Kata "kejahatan" didefinisikan sebagai "tindakan yang dapat dihukum oleh hukum, biasanya dianggap sebagai tindakan jahat." Penggunaan pertama yang dikenal dari kata "kejahatan" adalah pada Abad Pertengahan Tinggi sekitar tahun 1250. Dalam masa ini, periode Abad Pertengahan, atau " Zaman Keyakinan," hampir berakhir ketika Marco Polo menjelajah dan kembali dengan membawa rempah-rempah.

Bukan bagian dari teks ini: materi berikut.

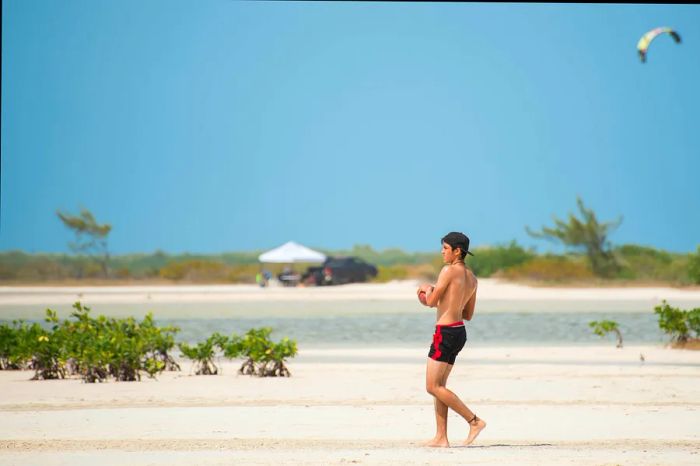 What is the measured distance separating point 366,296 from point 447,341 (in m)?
29.6

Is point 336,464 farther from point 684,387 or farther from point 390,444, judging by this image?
point 684,387

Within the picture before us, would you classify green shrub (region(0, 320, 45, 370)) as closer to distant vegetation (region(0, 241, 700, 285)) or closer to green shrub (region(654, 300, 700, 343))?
green shrub (region(654, 300, 700, 343))

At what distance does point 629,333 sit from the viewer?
23.0 meters

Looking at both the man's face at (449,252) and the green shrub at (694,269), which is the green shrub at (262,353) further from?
the green shrub at (694,269)

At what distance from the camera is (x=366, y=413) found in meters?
10.9

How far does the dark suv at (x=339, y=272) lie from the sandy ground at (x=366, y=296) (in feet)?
4.99

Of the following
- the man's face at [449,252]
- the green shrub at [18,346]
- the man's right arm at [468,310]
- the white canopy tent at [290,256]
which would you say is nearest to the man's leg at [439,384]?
the man's right arm at [468,310]

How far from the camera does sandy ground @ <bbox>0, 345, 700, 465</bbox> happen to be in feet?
28.2

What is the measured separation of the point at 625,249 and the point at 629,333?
1176 inches

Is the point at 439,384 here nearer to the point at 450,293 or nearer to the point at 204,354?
the point at 450,293

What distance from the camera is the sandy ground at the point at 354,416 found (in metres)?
8.60

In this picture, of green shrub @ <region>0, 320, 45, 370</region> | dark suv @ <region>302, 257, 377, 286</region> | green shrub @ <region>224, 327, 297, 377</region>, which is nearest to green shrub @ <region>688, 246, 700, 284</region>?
dark suv @ <region>302, 257, 377, 286</region>

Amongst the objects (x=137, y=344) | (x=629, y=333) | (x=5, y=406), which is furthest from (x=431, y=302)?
(x=629, y=333)

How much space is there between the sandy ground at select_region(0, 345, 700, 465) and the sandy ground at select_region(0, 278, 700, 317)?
58.9 ft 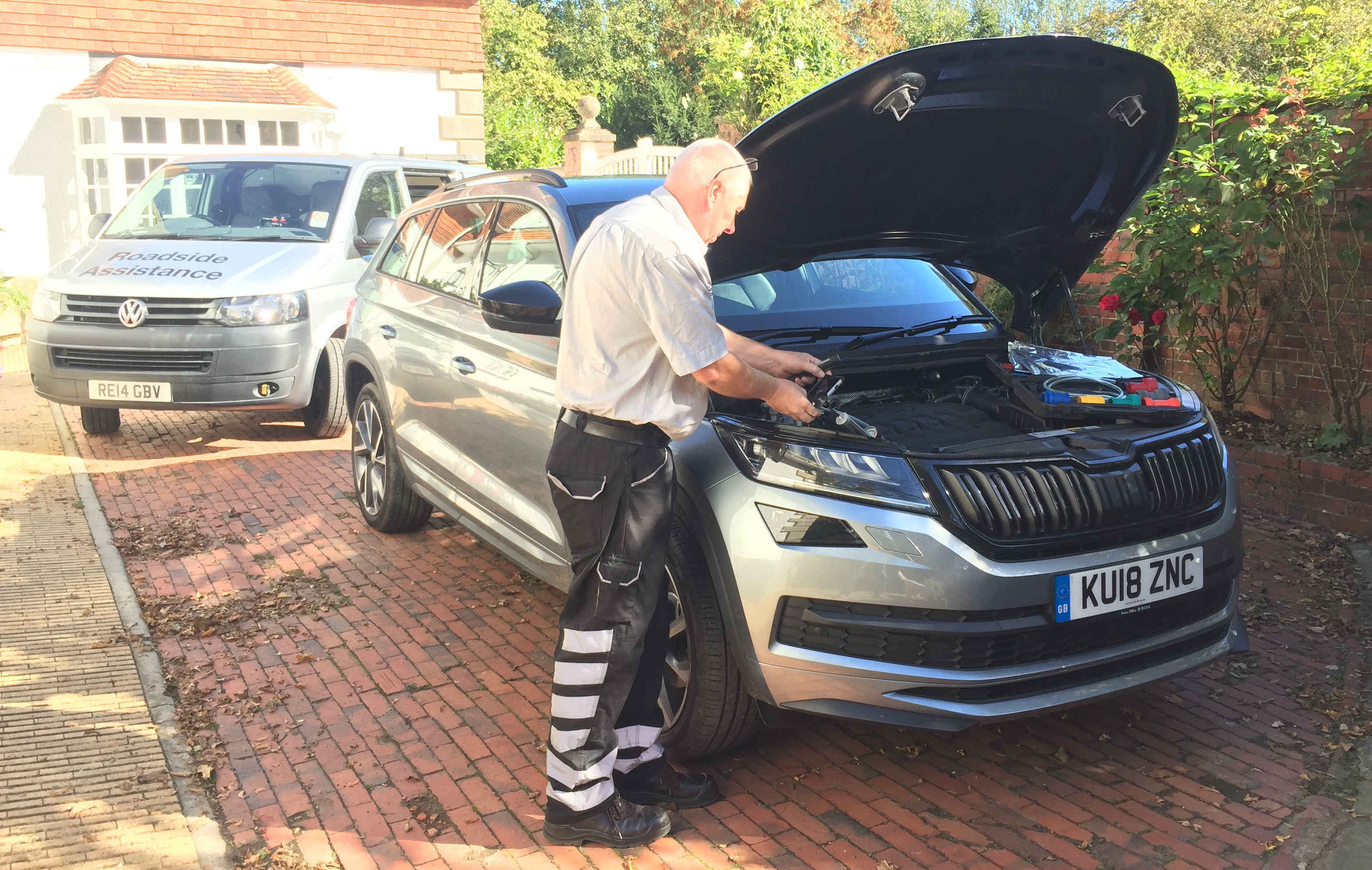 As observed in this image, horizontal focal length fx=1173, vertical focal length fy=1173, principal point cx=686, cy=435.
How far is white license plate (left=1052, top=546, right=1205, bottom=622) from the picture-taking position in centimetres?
332

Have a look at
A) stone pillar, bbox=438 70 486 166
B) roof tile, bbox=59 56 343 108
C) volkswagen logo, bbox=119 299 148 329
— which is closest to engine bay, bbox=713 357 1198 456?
volkswagen logo, bbox=119 299 148 329

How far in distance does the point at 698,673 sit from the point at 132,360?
5961 mm

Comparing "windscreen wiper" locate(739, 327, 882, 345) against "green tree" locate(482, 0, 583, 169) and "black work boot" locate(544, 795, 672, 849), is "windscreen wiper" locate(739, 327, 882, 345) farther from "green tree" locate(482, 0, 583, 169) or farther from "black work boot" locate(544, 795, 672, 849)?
"green tree" locate(482, 0, 583, 169)

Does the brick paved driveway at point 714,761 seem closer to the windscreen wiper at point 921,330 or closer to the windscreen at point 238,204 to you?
the windscreen wiper at point 921,330

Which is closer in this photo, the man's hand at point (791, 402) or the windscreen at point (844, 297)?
the man's hand at point (791, 402)

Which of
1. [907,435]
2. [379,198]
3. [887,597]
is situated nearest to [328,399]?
[379,198]

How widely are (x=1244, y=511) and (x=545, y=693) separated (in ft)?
13.7

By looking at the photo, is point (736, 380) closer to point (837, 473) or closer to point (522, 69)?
point (837, 473)

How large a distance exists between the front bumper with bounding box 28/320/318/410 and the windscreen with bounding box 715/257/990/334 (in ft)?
15.6

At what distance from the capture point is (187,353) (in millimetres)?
7848

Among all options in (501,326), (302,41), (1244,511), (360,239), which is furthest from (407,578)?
(302,41)

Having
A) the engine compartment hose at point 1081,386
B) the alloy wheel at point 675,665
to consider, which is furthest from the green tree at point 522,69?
the alloy wheel at point 675,665

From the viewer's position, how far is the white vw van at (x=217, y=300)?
7879 millimetres

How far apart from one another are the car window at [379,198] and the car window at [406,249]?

Etimologi "kejahatan" berasal dari kejahatan Prancis Lama, yang berasal dari bahasa Latin crimen yang berarti tuduhan dan bahasa Latin root cerno yang berarti "Saya memutuskan. Saya memberikan penilaian." Namun, Rabbi Ernest Klein, ahli bahasa Kanada kelahiran Rumania, dalam Kamus Etimologis Komprehensif Bahasa Inggrisnya , menyatakan crimen sebenarnya berasal dari frasa, "tangisan kesusahan." Bahasa Latin berasal dari kata Yunani Kuno krima, yang berarti hukuman atau hukuman pengadilan. Kata Crimen bisa bermakna segala pelanggaran, kesalahan serius, atau dosa, tindakan bodoh, tidak masuk akal, atau memalukan atau suatu tindakan pada kelalaian Â
Pada  kata "kriminologi" hanya diciptakan 135 tahun yang lalu, kata itu telah ada dalam beberapa cara dasar sejak awal waktu. Ketika umat manusia bergulat dengan realitas kejahatan yang kejam, ia harus mengembangkan cara untuk memahami pelanggaran hukum untuk mencegahnya. Peradaban awal diancam oleh perselisihan yang tidak diatur yang terjadi ketika satu orang membalas terhadap orang lain karena dianggap pelanggaran. Manusia segera belajar bahwa agar keadilan dipertahankan dalam suatu budaya, daftar kejahatan yang telah ditetapkan harus diakui dan hukuman yang tepat harus ditentukan.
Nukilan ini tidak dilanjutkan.